→ Work to be completed:
Retype the data exactly, leaving nothing out.
[[ Records for this task, beginning ]]
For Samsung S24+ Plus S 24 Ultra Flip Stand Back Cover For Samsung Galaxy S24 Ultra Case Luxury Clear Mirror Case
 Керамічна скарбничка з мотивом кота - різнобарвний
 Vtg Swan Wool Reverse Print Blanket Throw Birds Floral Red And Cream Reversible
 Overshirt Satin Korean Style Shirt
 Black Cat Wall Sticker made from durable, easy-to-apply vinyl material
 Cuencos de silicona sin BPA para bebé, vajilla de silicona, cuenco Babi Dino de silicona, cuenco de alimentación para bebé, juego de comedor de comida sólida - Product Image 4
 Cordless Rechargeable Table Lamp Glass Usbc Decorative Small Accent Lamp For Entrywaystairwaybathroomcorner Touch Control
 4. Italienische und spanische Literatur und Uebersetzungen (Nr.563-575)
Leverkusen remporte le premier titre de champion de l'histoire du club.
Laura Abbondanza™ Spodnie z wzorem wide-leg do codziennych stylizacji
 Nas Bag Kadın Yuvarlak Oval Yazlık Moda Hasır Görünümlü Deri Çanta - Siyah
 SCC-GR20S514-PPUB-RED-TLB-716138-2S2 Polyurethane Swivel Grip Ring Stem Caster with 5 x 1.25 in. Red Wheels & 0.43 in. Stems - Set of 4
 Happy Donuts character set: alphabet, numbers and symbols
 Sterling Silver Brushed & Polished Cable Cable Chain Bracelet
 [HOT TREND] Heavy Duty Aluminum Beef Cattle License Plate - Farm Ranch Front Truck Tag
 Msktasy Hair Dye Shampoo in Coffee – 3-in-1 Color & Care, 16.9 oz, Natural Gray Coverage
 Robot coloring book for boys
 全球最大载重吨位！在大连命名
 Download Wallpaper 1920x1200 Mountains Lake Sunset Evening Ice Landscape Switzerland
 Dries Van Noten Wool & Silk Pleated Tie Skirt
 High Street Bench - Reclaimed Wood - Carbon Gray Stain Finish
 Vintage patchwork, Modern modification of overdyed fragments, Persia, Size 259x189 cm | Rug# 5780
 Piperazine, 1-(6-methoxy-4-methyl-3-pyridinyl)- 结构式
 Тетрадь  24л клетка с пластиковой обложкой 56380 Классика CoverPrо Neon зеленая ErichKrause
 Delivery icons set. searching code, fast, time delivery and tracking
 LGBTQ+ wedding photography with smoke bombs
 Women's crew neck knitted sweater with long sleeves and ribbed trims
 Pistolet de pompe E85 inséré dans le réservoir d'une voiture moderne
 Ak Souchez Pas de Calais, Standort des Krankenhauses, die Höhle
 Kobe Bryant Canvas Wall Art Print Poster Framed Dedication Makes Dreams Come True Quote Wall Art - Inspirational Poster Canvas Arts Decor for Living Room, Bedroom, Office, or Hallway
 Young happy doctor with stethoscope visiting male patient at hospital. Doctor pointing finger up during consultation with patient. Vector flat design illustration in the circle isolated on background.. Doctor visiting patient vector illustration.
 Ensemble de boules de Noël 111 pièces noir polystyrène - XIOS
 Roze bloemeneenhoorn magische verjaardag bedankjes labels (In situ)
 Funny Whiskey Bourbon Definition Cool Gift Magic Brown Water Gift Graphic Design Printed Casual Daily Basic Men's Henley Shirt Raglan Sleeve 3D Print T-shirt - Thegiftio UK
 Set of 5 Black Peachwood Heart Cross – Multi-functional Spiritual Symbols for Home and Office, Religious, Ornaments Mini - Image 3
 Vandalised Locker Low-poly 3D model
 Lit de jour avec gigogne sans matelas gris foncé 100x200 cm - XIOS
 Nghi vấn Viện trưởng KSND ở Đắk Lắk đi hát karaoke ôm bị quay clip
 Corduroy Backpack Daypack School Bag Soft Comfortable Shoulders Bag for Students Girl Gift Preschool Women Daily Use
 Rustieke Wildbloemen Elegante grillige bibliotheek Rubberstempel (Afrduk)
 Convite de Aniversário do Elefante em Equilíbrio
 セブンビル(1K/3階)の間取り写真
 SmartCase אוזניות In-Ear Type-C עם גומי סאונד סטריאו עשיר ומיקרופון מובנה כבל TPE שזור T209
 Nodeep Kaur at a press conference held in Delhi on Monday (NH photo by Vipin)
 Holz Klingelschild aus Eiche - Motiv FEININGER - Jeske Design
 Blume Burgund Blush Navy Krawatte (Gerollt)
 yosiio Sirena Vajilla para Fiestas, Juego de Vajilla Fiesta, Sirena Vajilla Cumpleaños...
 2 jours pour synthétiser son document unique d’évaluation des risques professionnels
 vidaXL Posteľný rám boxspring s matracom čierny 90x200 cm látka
[[ Records for this task, end ]]
→ Completed exercise:
For Samsung S24+ Plus S 24 Ultra Flip Stand Back Cover For Samsung Galaxy S24 Ultra Case Luxury Clear Mirror Case
 Керамічна скарбничка з мотивом кота - різнобарвний
 Vtg Swan Wool Reverse Print Blanket Throw Birds Floral Red And Cream Reversible
 Overshirt Satin Korean Style Shirt
 Black Cat Wall Sticker made from durable, easy-to-apply vinyl material
 Cuencos de silicona sin BPA para bebé, vajilla de silicona, cuenco Babi Dino de silicona, cuenco de alimentación para bebé, juego de comedor de comida sólida - Product Image 4
 Cordless Rechargeable Table Lamp Glass Usbc Decorative Small Accent Lamp For Entrywaystairwaybathroomcorner Touch Control
 4. Italienische und spanische Literatur und Uebersetzungen (Nr.563-575)
Leverkusen remporte le premier titre de champion de l'histoire du club.
Laura Abbondanza™ Spodnie z wzorem wide-leg do codziennych stylizacji
 Nas Bag Kadın Yuvarlak Oval Yazlık Moda Hasır Görünümlü Deri Çanta - Siyah
 SCC-GR20S514-PPUB-RED-TLB-716138-2S2 Polyurethane Swivel Grip Ring Stem Caster with 5 x 1.25 in. Red Wheels & 0.43 in. Stems - Set of 4
 Happy Donuts character set: alphabet, numbers and symbols
 Sterling Silver Brushed & Polished Cable Cable Chain Bracelet
 [HOT TREND] Heavy Duty Aluminum Beef Cattle License Plate - Farm Ranch Front Truck Tag
 Msktasy Hair Dye Shampoo in Coffee – 3-in-1 Color & Care, 16.9 oz, Natural Gray Coverage
 Robot coloring book for boys
 全球最大载重吨位！在大连命名
 Download Wallpaper 1920x1200 Mountains Lake Sunset Evening Ice Landscape Switzerland
 Dries Van Noten Wool & Silk Pleated Tie Skirt
 High Street Bench - Reclaimed Wood - Carbon Gray Stain Finish
 Vintage patchwork, Modern modification of overdyed fragments, Persia, Size 259x189 cm | Rug# 5780
 Piperazine, 1-(6-methoxy-4-methyl-3-pyridinyl)- 结构式
 Тетрадь  24л клетка с пластиковой обложкой 56380 Классика CoverPrо Neon зеленая ErichKrause
 Delivery icons set. searching code, fast, time delivery and tracking
 LGBTQ+ wedding photography with smoke bombs
 Women's crew neck knitted sweater with long sleeves and ribbed trims
 Pistolet de pompe E85 inséré dans le réservoir d'une voiture moderne
 Ak Souchez Pas de Calais, Standort des Krankenhauses, die Höhle
 Kobe Bryant Canvas Wall Art Print Poster Framed Dedication Makes Dreams Come True Quote Wall Art - Inspirational Poster Canvas Arts Decor for Living Room, Bedroom, Office, or Hallway
 Young happy doctor with stethoscope visiting male patient at hospital. Doctor pointing finger up during consultation with patient. Vector flat design illustration in the circle isolated on background.. Doctor visiting patient vector illustration.
 Ensemble de boules de Noël 111 pièces noir polystyrène - XIOS
 Roze bloemeneenhoorn magische verjaardag bedankjes labels (In situ)
 Funny Whiskey Bourbon Definition Cool Gift Magic Brown Water Gift Graphic Design Printed Casual Daily Basic Men's Henley Shirt Raglan Sleeve 3D Print T-shirt - Thegiftio UK
 Set of 5 Black Peachwood Heart Cross – Multi-functional Spiritual Symbols for Home and Office, Religious, Ornaments Mini - Image 3
 Vandalised Locker Low-poly 3D model
 Lit de jour avec gigogne sans matelas gris foncé 100x200 cm - XIOS
 Nghi vấn Viện trưởng KSND ở Đắk Lắk đi hát karaoke ôm bị quay clip
 Corduroy Backpack Daypack School Bag Soft Comfortable Shoulders Bag for Students Girl Gift Preschool Women Daily Use
 Rustieke Wildbloemen Elegante grillige bibliotheek Rubberstempel (Afrduk)
 Convite de Aniversário do Elefante em Equilíbrio
 セブンビル(1K/3階)の間取り写真
 SmartCase אוזניות In-Ear Type-C עם גומי סאונד סטריאו עשיר ומיקרופון מובנה כבל TPE שזור T209
 Nodeep Kaur at a press conference held in Delhi on Monday (NH photo by Vipin)
 Holz Klingelschild aus Eiche - Motiv FEININGER - Jeske Design
 Blume Burgund Blush Navy Krawatte (Gerollt)
 yosiio Sirena Vajilla para Fiestas, Juego de Vajilla Fiesta, Sirena Vajilla Cumpleaños...
 2 jours pour synthétiser son document unique d’évaluation des risques professionnels
 vidaXL Posteľný rám boxspring s matracom čierny 90x200 cm látka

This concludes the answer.